Background: Healthcare-seeking behavior is a decision-making process governed by an individual's conduct, community norms, and expectations, as well as provider-related characteristics and manners. This study determined factors associated with healthcare seeking behavior of automobile artisans in Abakaliki. Materials and Methods: A descriptive cross-sectional survey of 380 artisans was carried out. Respondents were selected using multi-stage sampling method and semi-structured interviewer administered pretested questionnaire was used to gather information. Data were analyzed using SPSS software, and the Chi-squared test was used to test for association at 5% level of significance. Results: The mean age of the artisans was 31.3 ± 10.3 years, and the mean monthly income was N15277. Less than half of the respondents (47.7%) sought medical care in pharmacy/patent medicine stores. A significant association was found between distance to the facility for medical care and period of delay before seeking care (P = 0.01). Bruises (45.3%) and cuts (32.3%) were the most prevalent injuries sustained in the preceding 12 months. A significantly high proportion of those who had bruises and cuts traveled >6 km to seek care and less than half of the respondents (47.6%) who reside within 5 km radius to place of medical care patronized pharmacy/patent medicine shops. However, higher proportion of those with cuts (52.0%) and burns (62.5%) compared to other types of injury went to the hospitals no matter the distance. Conclusions: The artisans have poor health-seeking behavior and majority sought medical care in pharmacy/patent medicine shops rather than hospitals. However, a significant proportion of those with injuries used hospitals regardless of the distance. It is, therefore, imperative to establish healthcare facilities within 5 km radius from where they live and work.

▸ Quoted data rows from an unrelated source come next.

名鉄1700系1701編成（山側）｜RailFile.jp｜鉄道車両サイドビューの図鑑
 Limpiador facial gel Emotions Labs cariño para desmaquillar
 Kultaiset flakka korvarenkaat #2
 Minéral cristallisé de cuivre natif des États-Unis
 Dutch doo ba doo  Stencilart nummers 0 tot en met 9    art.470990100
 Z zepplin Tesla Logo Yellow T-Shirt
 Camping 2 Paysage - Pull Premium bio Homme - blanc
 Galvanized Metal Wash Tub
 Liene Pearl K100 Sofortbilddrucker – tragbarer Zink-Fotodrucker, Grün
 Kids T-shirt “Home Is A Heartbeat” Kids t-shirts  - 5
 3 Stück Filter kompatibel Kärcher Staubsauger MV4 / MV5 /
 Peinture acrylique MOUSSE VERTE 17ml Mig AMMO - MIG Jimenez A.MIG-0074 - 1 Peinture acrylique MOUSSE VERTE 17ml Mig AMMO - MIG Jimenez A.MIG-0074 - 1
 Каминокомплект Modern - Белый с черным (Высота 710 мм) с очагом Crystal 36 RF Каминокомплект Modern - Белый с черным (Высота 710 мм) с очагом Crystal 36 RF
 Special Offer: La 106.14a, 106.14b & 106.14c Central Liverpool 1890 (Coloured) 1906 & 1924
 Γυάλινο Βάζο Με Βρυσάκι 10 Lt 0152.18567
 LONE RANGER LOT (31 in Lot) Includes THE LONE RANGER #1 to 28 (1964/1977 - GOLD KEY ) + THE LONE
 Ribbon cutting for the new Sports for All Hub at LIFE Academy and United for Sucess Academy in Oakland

Keywords: Abakaliki, artisans, automobile, healthcare, injuries, prevalence, seeking behavior


How to cite this article:
Azuogu BN, Eze NC, Azuogu VC, Onah CK, Ossai EN, Agu AP. Appraisal of healthcare-seeking behavior and prevalence of workplace injury among artisans in automobile site in Abakaliki, Southeast Nigeria. Niger Med J 2018;59:45-9

How to cite this URL:
Azuogu BN, Eze NC, Azuogu VC, Onah CK, Ossai EN, Agu AP. Appraisal of healthcare-seeking behavior and prevalence of workplace injury among artisans in automobile site in Abakaliki, Southeast Nigeria. Niger Med J [serial online] 2018 [cited 2019 Jul 16];59:45-9. Available from: http://www.nigeriamedj.com/text.asp?2018/59/5/45/260426


   Introduction Top


The study of human behavior is an art and dealing with solving its problem is science. One of the dynamics of human behavior is how they react in case of sickness. Healthcare-seeking behavior is defined as any action undertaken by individuals who perceive themselves to have a health problem or to be ill for the purpose of finding an appropriate remedy.[1] Healthcare-seeking behavior is preceded by a decision-making process that is further governed by individuals and/or household department, community norms, and expectations as well as provider-related characteristics and conduct.[1] For this reason, the nature of healthcare-seeking is not homogeneous depending on cognitive and noncognitive factors that call for a contextual analysis of care-seeking behavior. The context may be a factor of cognition or awareness, sociocultural as well as economic factors.[2]

The determinants of healthcare-seeking behavior can be described as the status of women (cultural), age and sex (biological), household resources (socioeconomic), costs of care (economic), distance and physical access (geographical), perceived quality (organizational), and quality of drugs. Understanding these determinants of healthcare, demand provides a basis on which governments can reform health policy.[3],[4] This study determined healthcare-seeking behavior of artisans in mechanic Site, Abakaliki, Nigeria.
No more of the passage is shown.